== Segment start ==

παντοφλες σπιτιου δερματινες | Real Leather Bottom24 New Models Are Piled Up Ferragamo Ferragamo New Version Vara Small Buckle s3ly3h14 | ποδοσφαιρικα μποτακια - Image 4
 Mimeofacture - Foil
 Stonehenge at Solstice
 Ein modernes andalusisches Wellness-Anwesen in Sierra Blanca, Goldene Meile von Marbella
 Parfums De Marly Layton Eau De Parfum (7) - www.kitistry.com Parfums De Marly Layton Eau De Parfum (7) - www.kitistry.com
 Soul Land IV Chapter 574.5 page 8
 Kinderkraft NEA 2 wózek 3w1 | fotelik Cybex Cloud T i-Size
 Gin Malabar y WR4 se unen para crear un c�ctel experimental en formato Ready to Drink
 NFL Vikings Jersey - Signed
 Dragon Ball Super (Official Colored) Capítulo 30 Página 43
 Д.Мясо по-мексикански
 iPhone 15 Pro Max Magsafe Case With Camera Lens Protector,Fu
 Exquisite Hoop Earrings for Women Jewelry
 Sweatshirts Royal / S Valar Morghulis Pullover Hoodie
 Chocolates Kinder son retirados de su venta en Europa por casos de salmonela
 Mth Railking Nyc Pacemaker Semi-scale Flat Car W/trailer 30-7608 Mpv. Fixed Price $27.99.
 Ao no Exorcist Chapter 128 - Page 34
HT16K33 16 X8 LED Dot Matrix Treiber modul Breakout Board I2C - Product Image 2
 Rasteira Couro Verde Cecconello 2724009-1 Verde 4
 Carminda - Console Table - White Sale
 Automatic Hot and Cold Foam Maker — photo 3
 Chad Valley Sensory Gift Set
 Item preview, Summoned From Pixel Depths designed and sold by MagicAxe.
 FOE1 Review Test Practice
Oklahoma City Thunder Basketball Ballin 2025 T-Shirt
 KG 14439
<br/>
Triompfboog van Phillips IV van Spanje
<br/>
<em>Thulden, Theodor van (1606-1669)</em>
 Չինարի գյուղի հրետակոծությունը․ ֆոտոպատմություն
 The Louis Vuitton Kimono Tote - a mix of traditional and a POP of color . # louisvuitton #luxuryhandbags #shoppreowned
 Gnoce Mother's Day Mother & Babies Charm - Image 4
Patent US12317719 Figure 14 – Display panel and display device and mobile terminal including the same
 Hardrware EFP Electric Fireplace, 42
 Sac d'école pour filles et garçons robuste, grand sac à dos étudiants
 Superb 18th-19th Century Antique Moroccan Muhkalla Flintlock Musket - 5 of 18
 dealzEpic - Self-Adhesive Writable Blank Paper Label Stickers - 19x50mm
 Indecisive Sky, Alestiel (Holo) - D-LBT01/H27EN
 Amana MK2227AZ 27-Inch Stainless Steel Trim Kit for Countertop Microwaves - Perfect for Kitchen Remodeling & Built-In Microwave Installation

== Segment end ==

Directions for this task => Repeat the material above in full, exactly as it stands.

Output =>
παντοφλες σπιτιου δερματινες | Real Leather Bottom24 New Models Are Piled Up Ferragamo Ferragamo New Version Vara Small Buckle s3ly3h14 | ποδοσφαιρικα μποτακια - Image 4
 Mimeofacture - Foil
 Stonehenge at Solstice
 Ein modernes andalusisches Wellness-Anwesen in Sierra Blanca, Goldene Meile von Marbella
 Parfums De Marly Layton Eau De Parfum (7) - www.kitistry.com Parfums De Marly Layton Eau De Parfum (7) - www.kitistry.com
 Soul Land IV Chapter 574.5 page 8
 Kinderkraft NEA 2 wózek 3w1 | fotelik Cybex Cloud T i-Size
 Gin Malabar y WR4 se unen para crear un c�ctel experimental en formato Ready to Drink
 NFL Vikings Jersey - Signed
 Dragon Ball Super (Official Colored) Capítulo 30 Página 43
 Д.Мясо по-мексикански
 iPhone 15 Pro Max Magsafe Case With Camera Lens Protector,Fu
 Exquisite Hoop Earrings for Women Jewelry
 Sweatshirts Royal / S Valar Morghulis Pullover Hoodie
 Chocolates Kinder son retirados de su venta en Europa por casos de salmonela
 Mth Railking Nyc Pacemaker Semi-scale Flat Car W/trailer 30-7608 Mpv. Fixed Price $27.99.
 Ao no Exorcist Chapter 128 - Page 34
HT16K33 16 X8 LED Dot Matrix Treiber modul Breakout Board I2C - Product Image 2
 Rasteira Couro Verde Cecconello 2724009-1 Verde 4
 Carminda - Console Table - White Sale
 Automatic Hot and Cold Foam Maker — photo 3
 Chad Valley Sensory Gift Set
 Item preview, Summoned From Pixel Depths designed and sold by MagicAxe.
 FOE1 Review Test Practice
Oklahoma City Thunder Basketball Ballin 2025 T-Shirt
 KG 14439
<br/>
Triompfboog van Phillips IV van Spanje
<br/>
<em>Thulden, Theodor van (1606-1669)</em>
 Չինարի գյուղի հրետակոծությունը․ ֆոտոպատմություն
 The Louis Vuitton Kimono Tote - a mix of traditional and a POP of color . # louisvuitton #luxuryhandbags #shoppreowned
 Gnoce Mother's Day Mother & Babies Charm - Image 4
Patent US12317719 Figure 14 – Display panel and display device and mobile terminal including the same
 Hardrware EFP Electric Fireplace, 42
 Sac d'école pour filles et garçons robuste, grand sac à dos étudiants
 Superb 18th-19th Century Antique Moroccan Muhkalla Flintlock Musket - 5 of 18
 dealzEpic - Self-Adhesive Writable Blank Paper Label Stickers - 19x50mm
 Indecisive Sky, Alestiel (Holo) - D-LBT01/H27EN
 Amana MK2227AZ 27-Inch Stainless Steel Trim Kit for Countertop Microwaves - Perfect for Kitchen Remodeling & Built-In Microwave Installation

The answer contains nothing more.